If you think this is some sort of degenerate special case then your tests are probably not very good.
I’m sorry but most people tend to run their unit tests after the machine boots up
To clarify for people reading your comment: this is when you use the C stndlib srand() and rand() functions. This is NOT when you use /dev/random
“Who wants the same order of a playlist or slide show every time?”
I do. Random playlists always seem to cause jarring mood changes and I can’t imagine how hard it would be to write a talk for a random slide show.
Super annoying how every player wants to be “helpful” in tracking down every piece of music on any of your drives and finds an mp3 alert sound in an application’s directory and slips that in between your actual music. It’s getting so that I want to set up a different user for each genre of music and lock down the search to their own home/user directory.
Yeah the folks who work in retail really appreciate it when the same terrible song plays over the PA system every day at the same time.
If it’s so short that it needs to be restarted daily then the songs would get old regardless of the order. Plus retail music is meant to be bad enough to annoy customers on the first play through. That’s why order doesn’t matter; it’s all the same rotten tripe and none has any mood other than anxiety that you might not get out of the store before the next track starts. Thankfully most retail has gotten rid of their music; silence is better.
$RANDOM as far as I know only exists in the bash shell.
And I think ksh as well. But it is not in many of the older shells.
And zsh as well (just checked, I was not sure either).
$RANDOM is supported in the default shell on macOS (/bin/zsh) and AIX (/bin/sh) so feel free to use it in your shell scripts.
A good question is: Is it in POSIX? Which as far as I know the answer is no. And I don’t think it’s one of the almost-POSIX things like ampersand redirection either.
Notably, it’s not in Busybox’s ash, so it’s probably unavailable in an initramfs or in resource constrained embedded environment. If you do a lot of system integration work, learning to use POSIX isms over bash or ksh isms is a useful skill because of this. Reducing the number of constructs in the language also makes it more orthogonal which may make scripts require less knowledge to read, even though it makes things a little more unpleasant to write.
Thank you!
:o)
What does “FU” mean in this context?
Your word fu is weak old man :-)
I’ve often wondered, and your query led me to actually looking for the answer.
“Fu” derives from a Taoist concept of returning, particularly returning to basics. There is some implication in the Taoist concept of this being cyclical, which does not seem to apply to computerese. The computer use of “Fu” might also carry an implication of skill.
In addition to these Linux-Fu articles which focus on basic Linux text commands, you might also consider GIMP’s script-fu, a scripting language for GIMP plugins.
I think “Fu” is just short for “kung fu” which is a generic chinese term for martial arts.

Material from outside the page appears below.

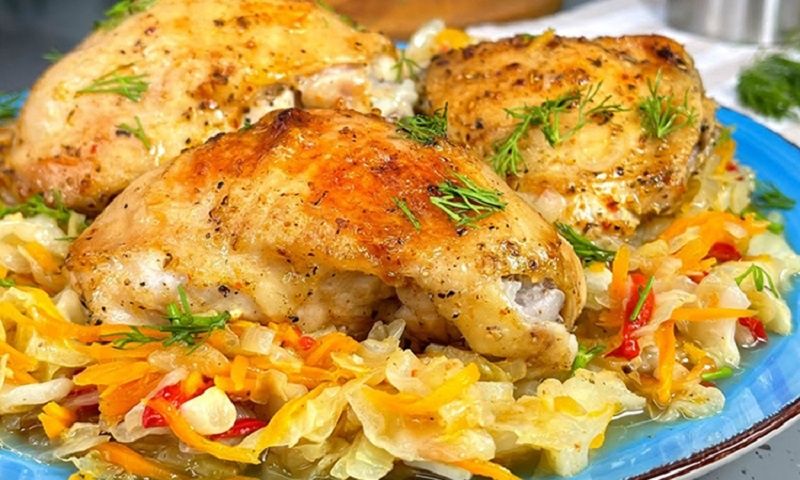 Ужин без забот: как быстро приготовить куриные бедра с овощами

https://en.wikipedia.org/wiki/Kung_fu_(term)
So linux Fu would most likely mean the art or techniques in using linux?
Sounds good to me. I suppose we’d have to do historical research and find out who originated the computer usage, and ask that person.

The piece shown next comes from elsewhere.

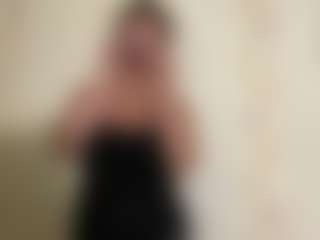 Live cam show with Marry - New Shaved Pussy on CamwithHer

Etymology does not govern meaning, so that wouldn’t help. Knowing it is a loan-word used to mean “skill” is already to know the meaning. If the intent had been different, it wouldn’t affect the current meaning in this context.
For simple pseudo random there is sort -R.
I am soooo new and sooo old. I started writing programs on green screen Commadore 64 then the Trash 80. Sorry TRS80. I can get buy enough if I read it. Prob is windows 7 isCapt. Indo not understand how to load bionic puppyLennox. I’ve tried several ways..nuttin. also issues the IPv6 No Acess Availabel. I’ve reset config, wonsoc, twice. I see the date back on oymt and drove it back a week seemed to fish iit. But now it’s been a week and it’s doing it again. Any help is appreciated. Ty.
Zippydoo
Someone here might find the HAVEGE-algorithm interesting :
https://github.com/jirka-h/haveged